Automakers are increasingly obsessed with turning everything into a subscription service in a bid to boost quarterly returns. We’ve noted how BMW has embraced making heated seats and other fea…
If purchasing is not ownership, then pirating is not theft.
I think more technically-gifted people need to look into these “subscription” systems, in order to find workarounds. Because if it comes with my car, it’s mine to do whatever the f**k I want with it.
That said, these scum capitalists own their own regulatory bodies through legalized bribery. I very much believe they would use that power and succeed in getting legislation passed to make such hacks a major, felonious crime, in the interest of "public safety."
The government likes this tech too, because it comes with a built in, always on connection, which just makes it easier and easier for agencies to gather intel on... everyone.
In a car? What exactly does the subscription enable? I probably would pay $20/mo if we're talking the difference between base model and the gee wiz model, but only if it's the "car stuff"...like I wouldn't have any real interest in shit like wifi hotspot and movie screens, but If it enables Pandora/xm, heated seats and steering wheel, collision detection, adaptive cruise... I'd be up for that. I'd probably go $5/mo on adaptive cruise alone tbh.

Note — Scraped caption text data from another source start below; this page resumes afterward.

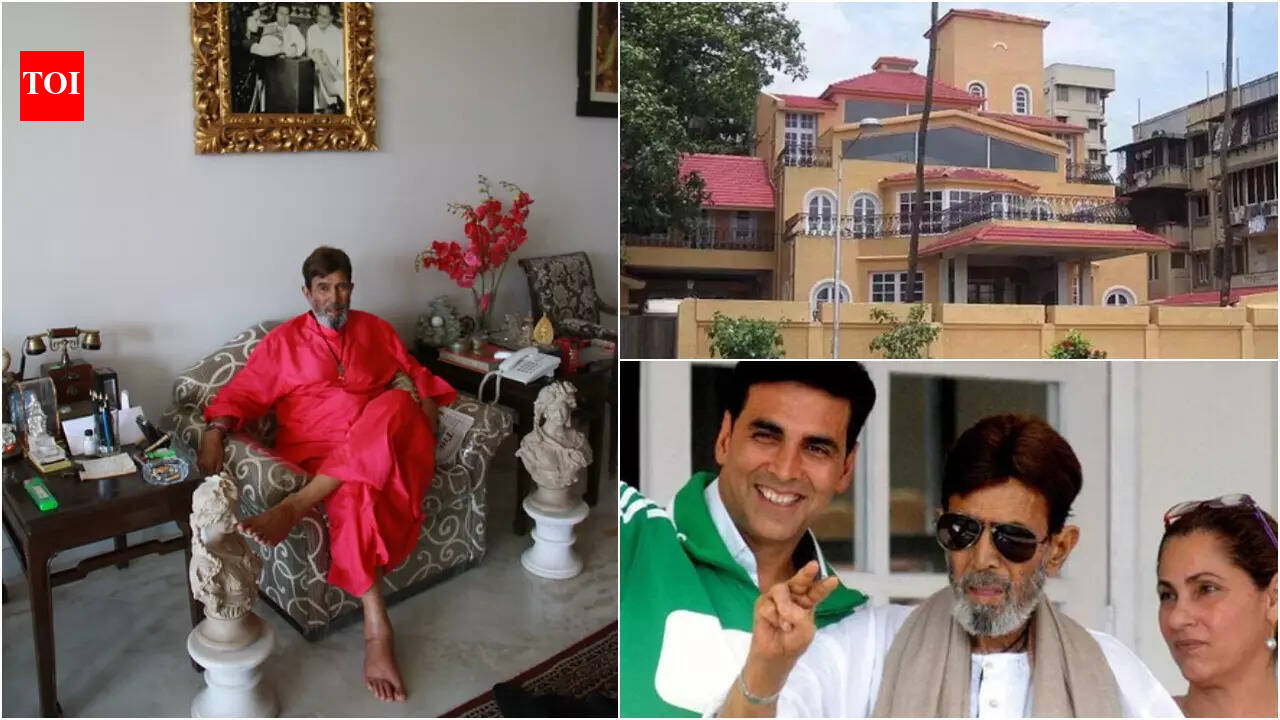 Rajesh Khanna House: History of Rajesh Khanna's Rs 90 crore bungalow ...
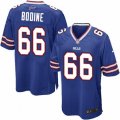 Buffalo Bills #66 Russell Bodine Game Royal Blue Team Color NFL Jersey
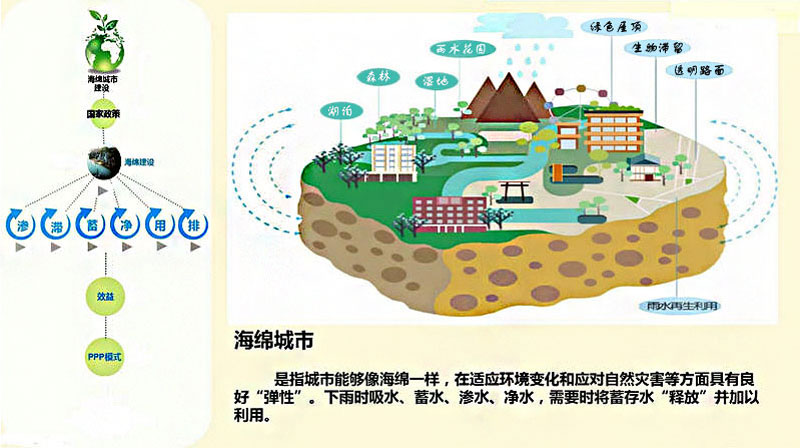 海绵城市排水示意图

The real question was brought up in the article though... The question of wether that potential residual revenue is left out of the original MSRP. Are we selling all cars at base model price, and getting the value of all the options from just those who pay for them... Or, are we selling every car at "fully loaded" price, since they've all had all the work and materials put in to all potentially be a "fully loaded" vehicle...

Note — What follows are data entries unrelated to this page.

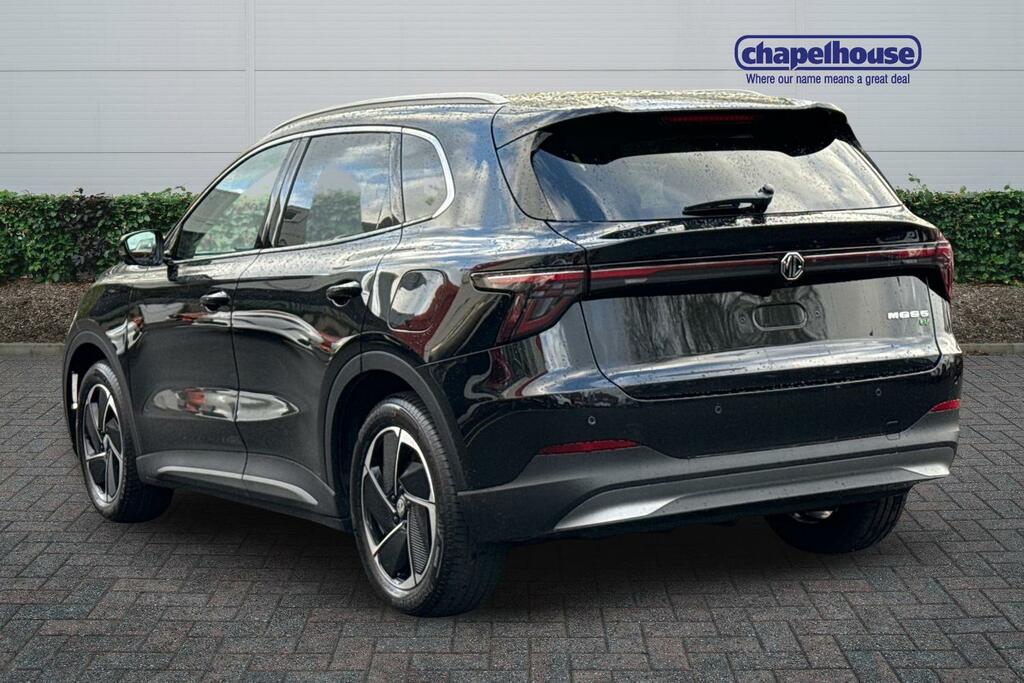 MG MGS5 Trophy Long Range 64Kwh Black #5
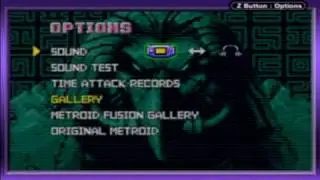 Metroid - Game Crash Passwords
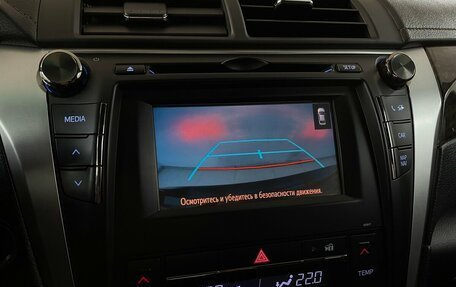 Toyota Camry, 2018 год, 2 050 000 рублей, 8 фотография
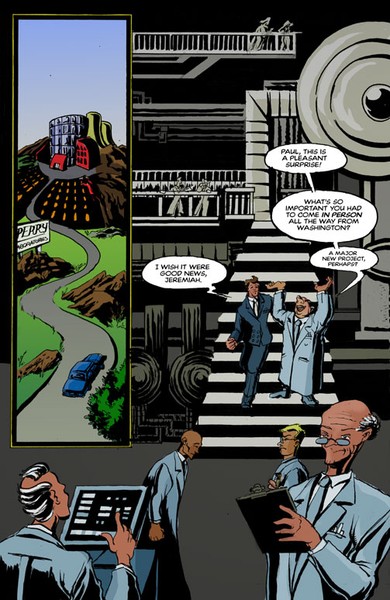 Into the Secret Lab...
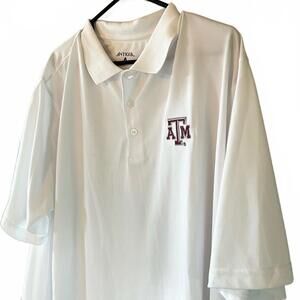 Antigua Texas Aggies Polo size XXL. NWOT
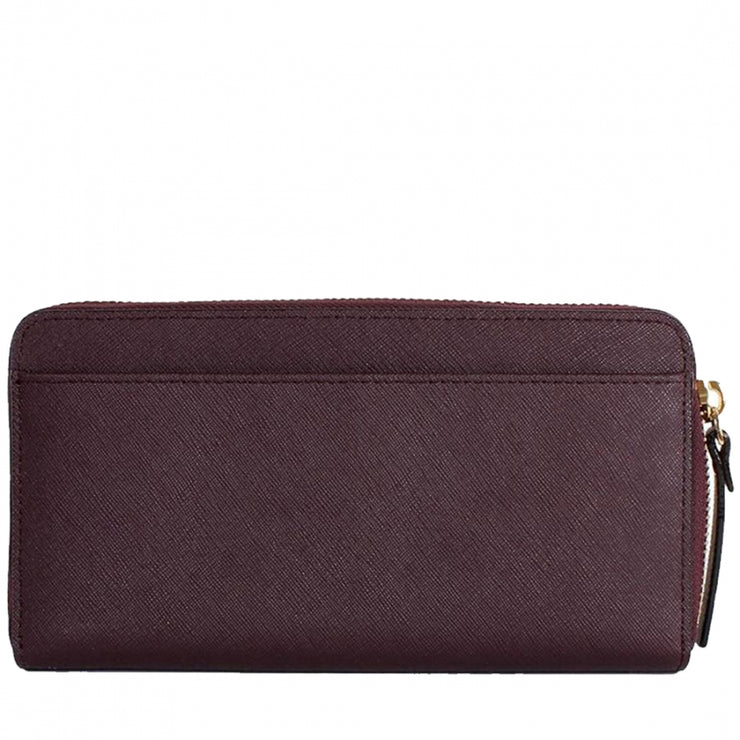 Kate Spade Laurel Way Neda Wallet wlru2669 in Cherrywood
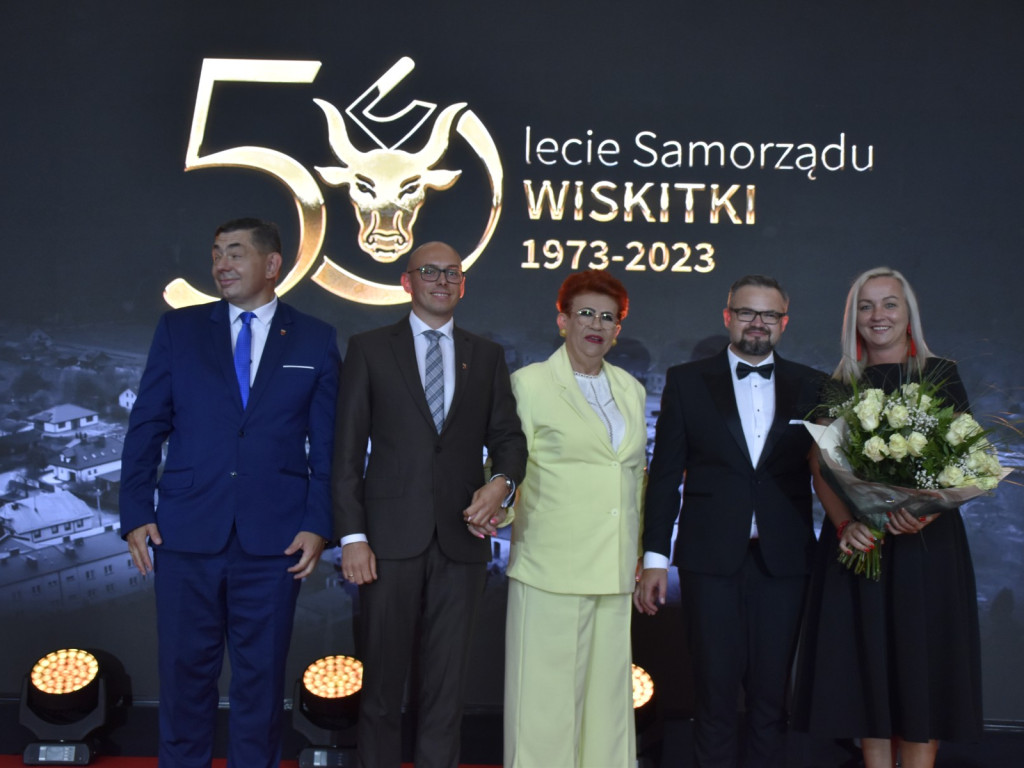 50 lat Gminy Wiskitki - wyjątkowe samorządowe święto
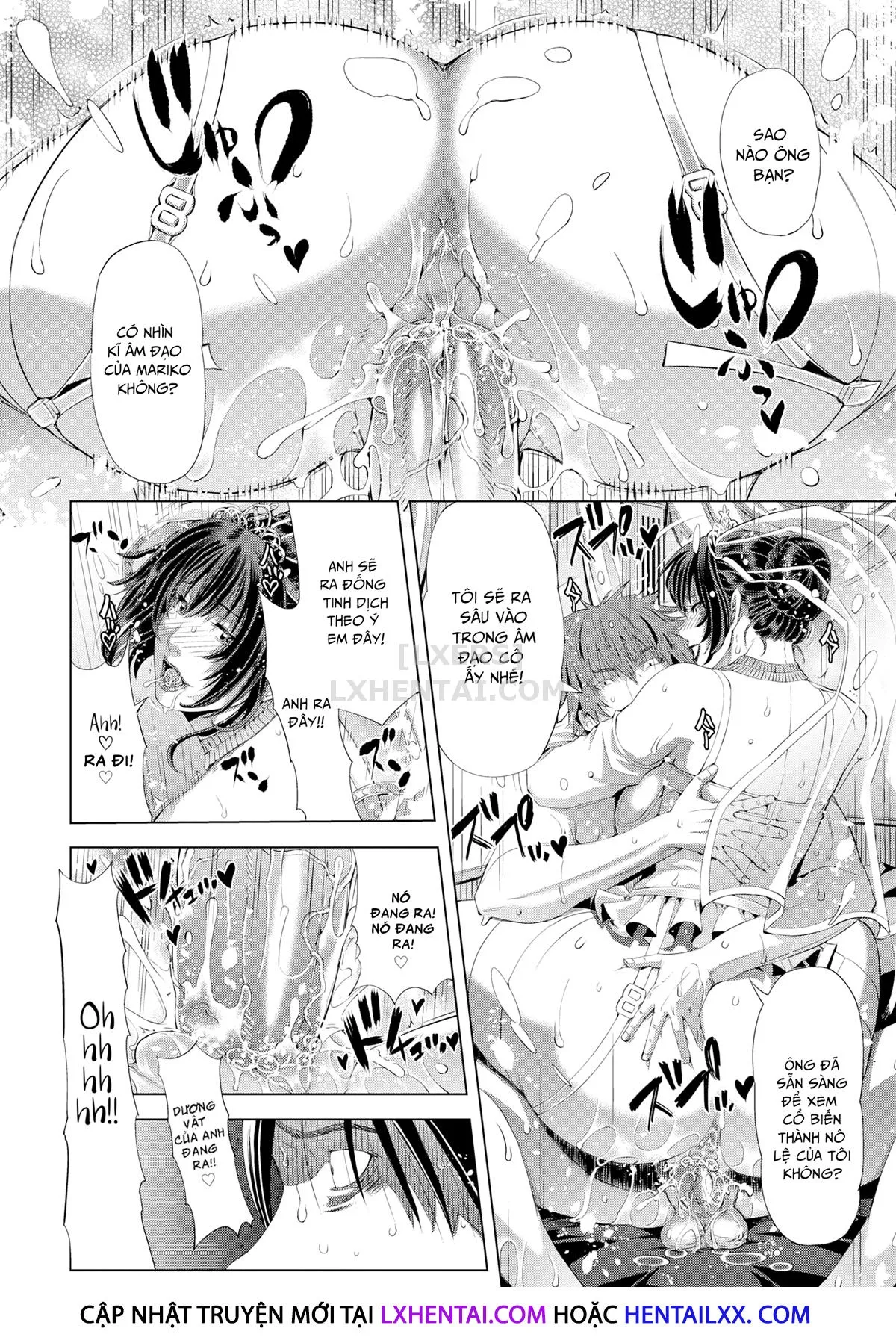 HentaiVN.net - Ảnh 19 - Repeat - Video Bride [Comic Bavel 2020-11] - Chap 1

I believe it's the latter, in which case they are, in fact, simply ripping everyone off. The non-subscribers pay for options they can't use because they won't subscribe, and the subscribers pay for those options twice.
Of course, right to repair might completely fuck the whole plan at some point. Locking out options would require locking out third party repairs, and that might make the concept untenable if it runs afoul of right to repair laws, and I'd bet at some point it will.
Basically you'll lose adaptive cruise control, remote start and a bunch of other features that cost the manufacturer literally nothing and give the end user no added benefit other than an illusion of ownership.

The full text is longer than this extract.